### WHAT IS NEEDED
Once the pictures are set aside, reproduce the entries below exactly.

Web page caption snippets
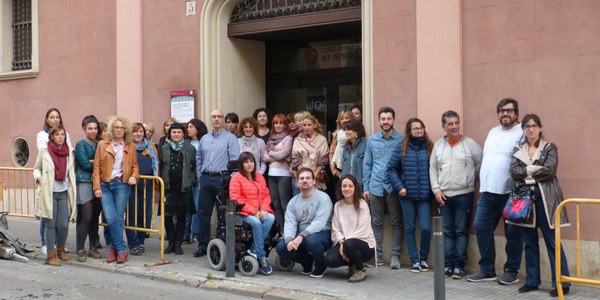EL PERSONAL DEL CONSELL COMARCAL DONA SUPORT ALS REPRESENTANTS DEL GOVERN I DE LA MESA DEL PARLAMENT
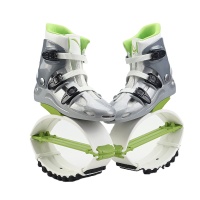 SYJ3 Hot Products New Bouncing Shoes Anti-Gravity Bounce Boots Indoor Fitness Kangaroo Jump Shoes Running Rebound Stilts Sport Shoe Silver+GREEN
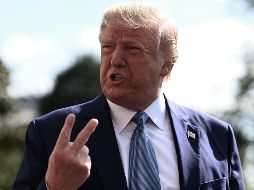 Trump y sus seguidores rechazan las acusaciones de que él hizo algo inapropiado, pero la Casa Blanca no ha respondido de manera concertada. AFP / ARCHIVO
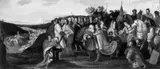 Frans Francken the Younger, BIBLISCHE SZENE (DIE VERSÖHNUNG JAKOBS MIT ESAU?).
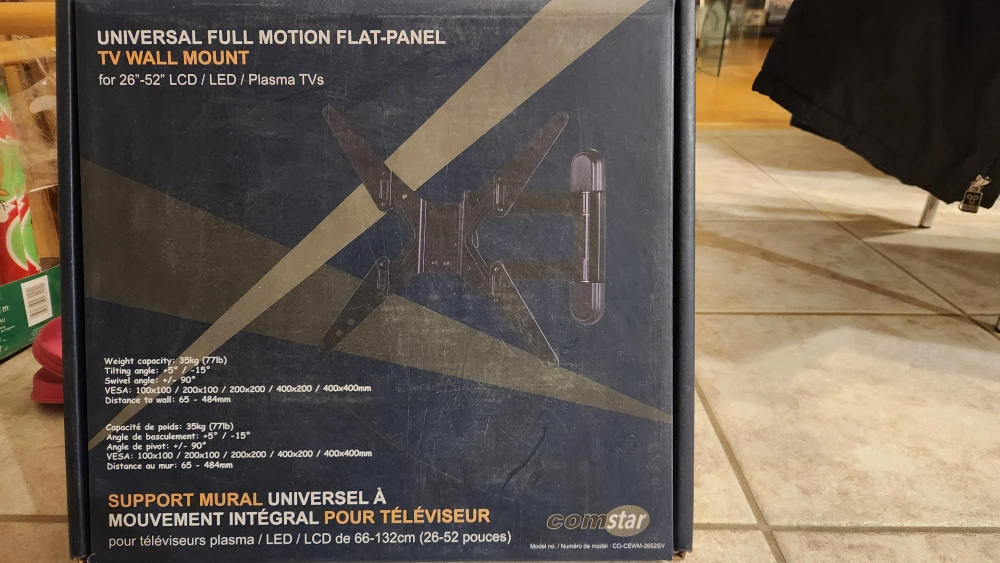 Comstar TV Wall Mount for 26"-52" TVs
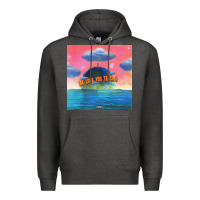 Charcoal Heather lil tecca - we love you tecca 2 Premium Hoodie - artisFamous
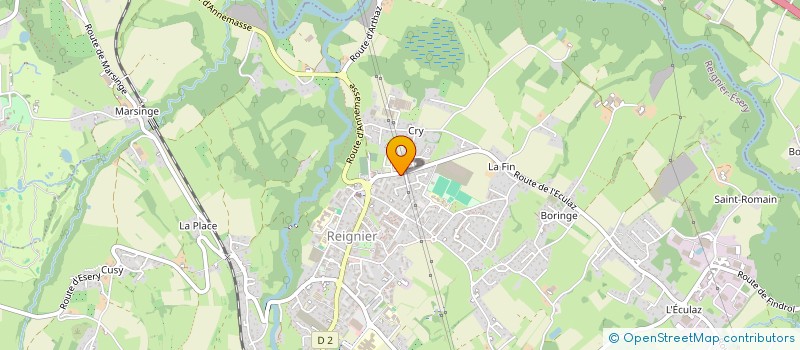 localisation de l'entreprise SCI ORUS à REIGNIER-ESERY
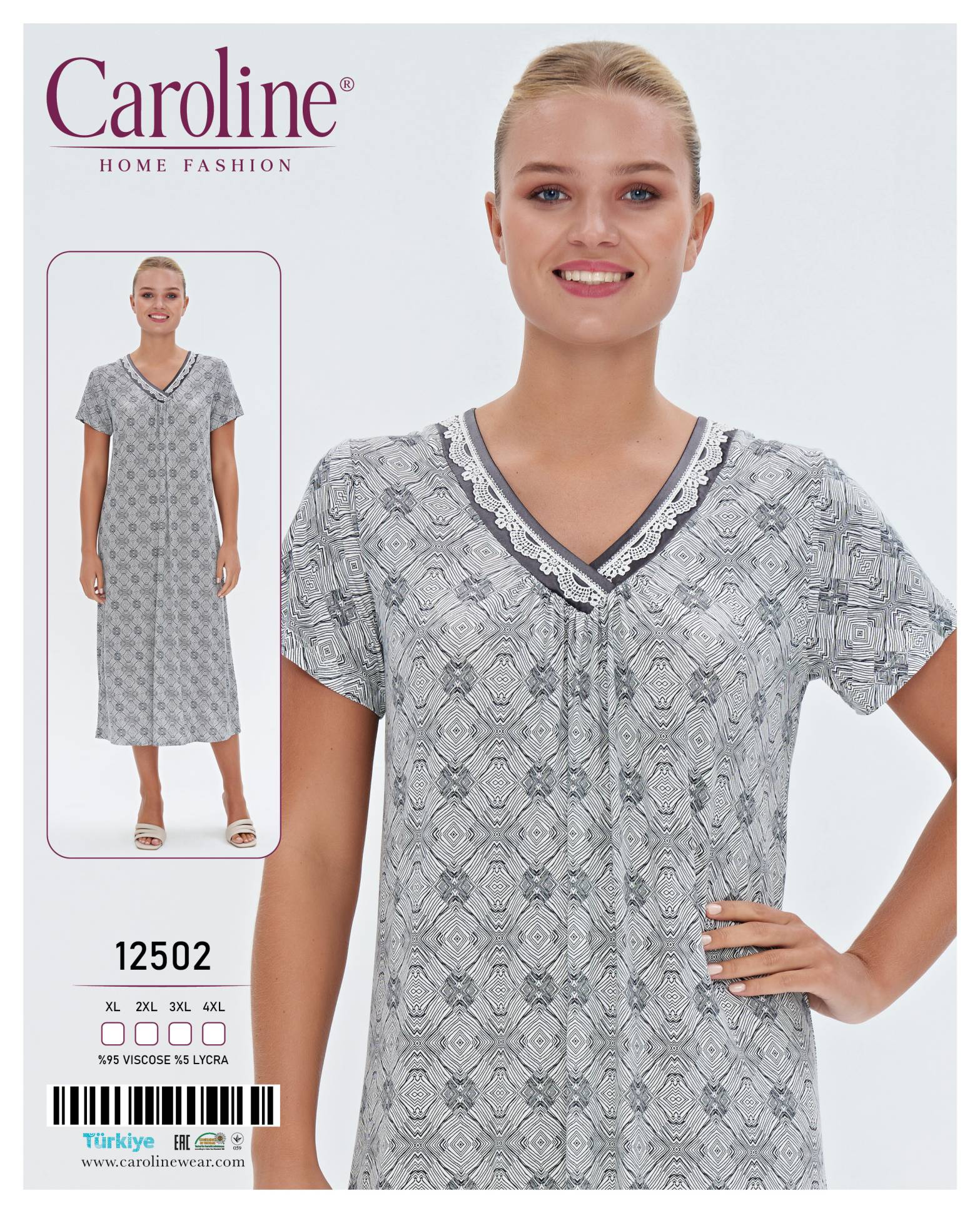 Caroline 12502 ночная рубашка XL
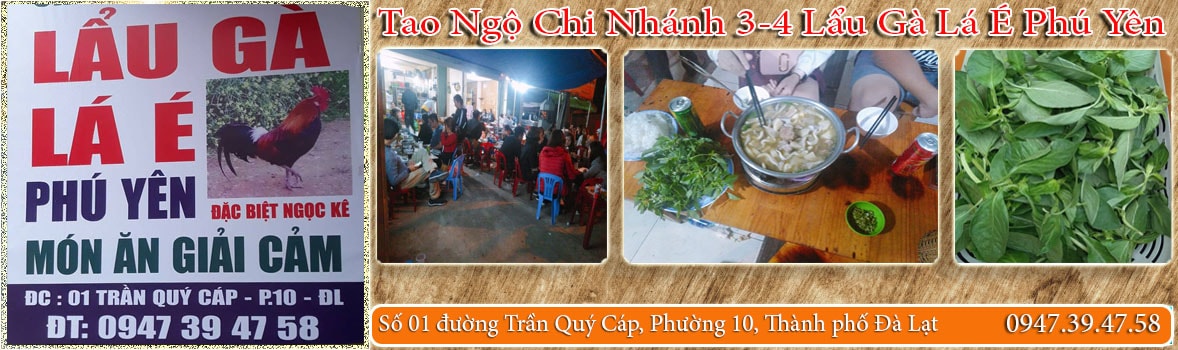 BAnner-Tao Ngộ Chi Nhánh 3-4 Lẩu Gà Lá É Phú Yên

### SOLVED EXERCISE
EL PERSONAL DEL CONSELL COMARCAL DONA SUPORT ALS REPRESENTANTS DEL GOVERN I DE LA MESA DEL PARLAMENT
 SYJ3 Hot Products New Bouncing Shoes Anti-Gravity Bounce Boots Indoor Fitness Kangaroo Jump Shoes Running Rebound Stilts Sport Shoe Silver+GREEN
 Trump y sus seguidores rechazan las acusaciones de que él hizo algo inapropiado, pero la Casa Blanca no ha respondido de manera concertada. AFP / ARCHIVO
 Frans Francken the Younger, BIBLISCHE SZENE (DIE VERSÖHNUNG JAKOBS MIT ESAU?).
 Comstar TV Wall Mount for 26"-52" TVs
 Charcoal Heather lil tecca - we love you tecca 2 Premium Hoodie - artisFamous
 localisation de l'entreprise SCI ORUS à REIGNIER-ESERY
 Caroline 12502 ночная рубашка XL
 BAnner-Tao Ngộ Chi Nhánh 3-4 Lẩu Gà Lá É Phú Yên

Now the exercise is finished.